Technical details of the failure
The error messages point to CloudFront's edge caching infrastructure. Each failed request includes a unique CloudFront Request ID (like "ajVoGHN5MOndT0dkuoNIOzARrbGDwsG5D_1rU0gdb-hf2dbUtoFr8w==") which AWS support teams can use to trace specific failure paths.
The 403 status suggests CloudFront is actively rejecting requests at the edge, rather than simply failing to connect to origin servers. This pattern typically indicates either a global configuration push gone wrong or the CDN's security layer incorrectly flagging legitimate traffic as malicious.
What this means for businesses
Companies relying on CloudFront for global content delivery are effectively offline to users. E-commerce sites can't serve product images, media companies can't stream video, and SaaS platforms are returning errors instead of applications. The timing during business hours across multiple continents means immediate revenue impact.
For businesses without CDN failover strategies, this represents a single point of failure. Those with multi-CDN setups or direct origin fallbacks can redirect traffic, but most smaller operations lack these redundancies.
How to respond right now
Site owners should immediately check their AWS CloudWatch metrics for 4xx error spikes and confirm the outage via AWS status pages. If confirmed, implement emergency origin redirects by updating DNS to bypass CloudFront, though this may impact performance and incur higher bandwidth costs.
For users encountering these errors, the only immediate workaround is patience. The issue is on AWS's infrastructure side, not individual sites. Bookmarking direct IP addresses (where available) might provide temporary access for critical services.
What happens next
AWS engineers are likely scrambling to identify whether this stems from a bad configuration deployment, DDoS attack, or capacity issue. Based on historical CloudFront outages, resolution typically ranges from 30 minutes to 4 hours once the root cause is identified.

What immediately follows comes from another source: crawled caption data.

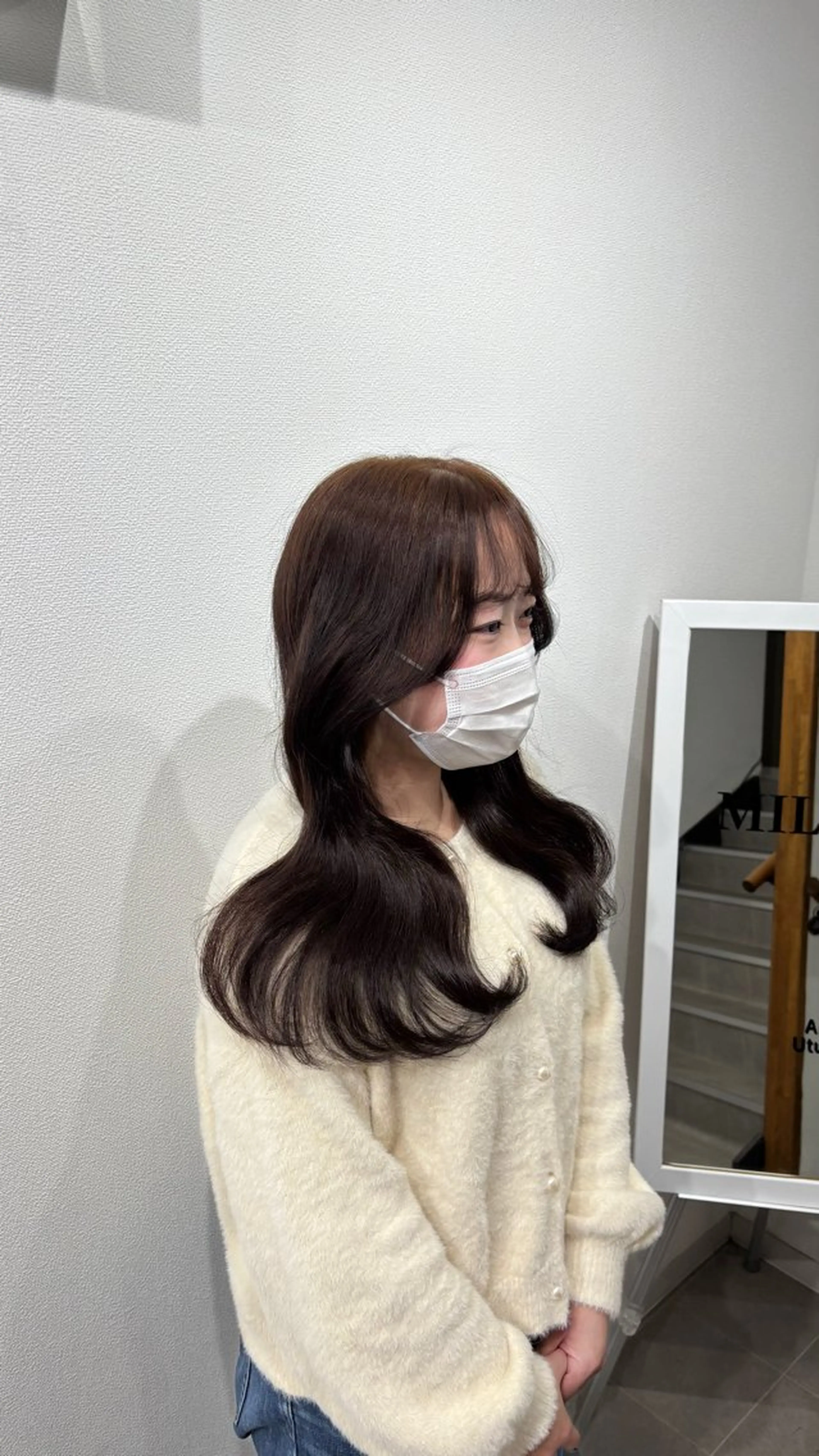 ロング カラー Rinka 🎀🐇のヘアスタイル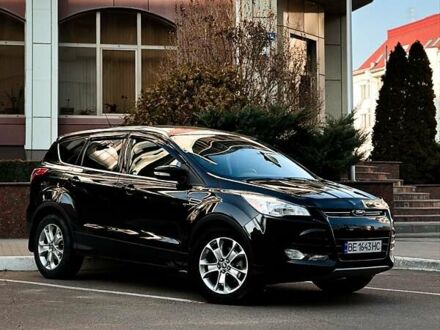 Чорний Форд Ескейп, об'ємом двигуна 2 л та пробігом 185 тис. км за 13000 $, фото 1 на Automoto.ua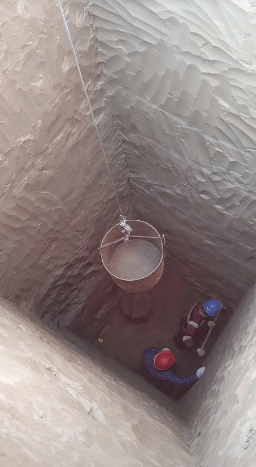 天津河东区人工挖孔桩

Expect a post-mortem from AWS within 24 hours detailing the cause and preventive measures. This incident will likely accelerate discussions around CDN redundancy and multi-cloud strategies across the industry.
Key Points
AWS CloudFront CDN experiencing global outage starting April 24 afternoon UTC
403 "request blocked" errors affecting all sites using CloudFront for content delivery
Impact spans multiple continents during peak business hours
Error pattern suggests CDN-level configuration or security issue, not individual site problems
Affected businesses face immediate revenue loss without CDN failover strategies
Questions Answered
If you're seeing the exact 403 CloudFront error message, your site is affected by the global AWS outage. Check AWS status pages for confirmation.
Update your DNS to point directly to your origin server IP, bypassing the CloudFront distribution. This will restore access but may slow performance.
AWS typically provides service credits based on SLA terms, but only if uptime drops below 99.9% monthly. Check your CloudFront SLA documentation.
Implement multi-CDN strategies using providers like Cloudflare or Fastly alongside AWS, or maintain direct origin fallbacks for critical services.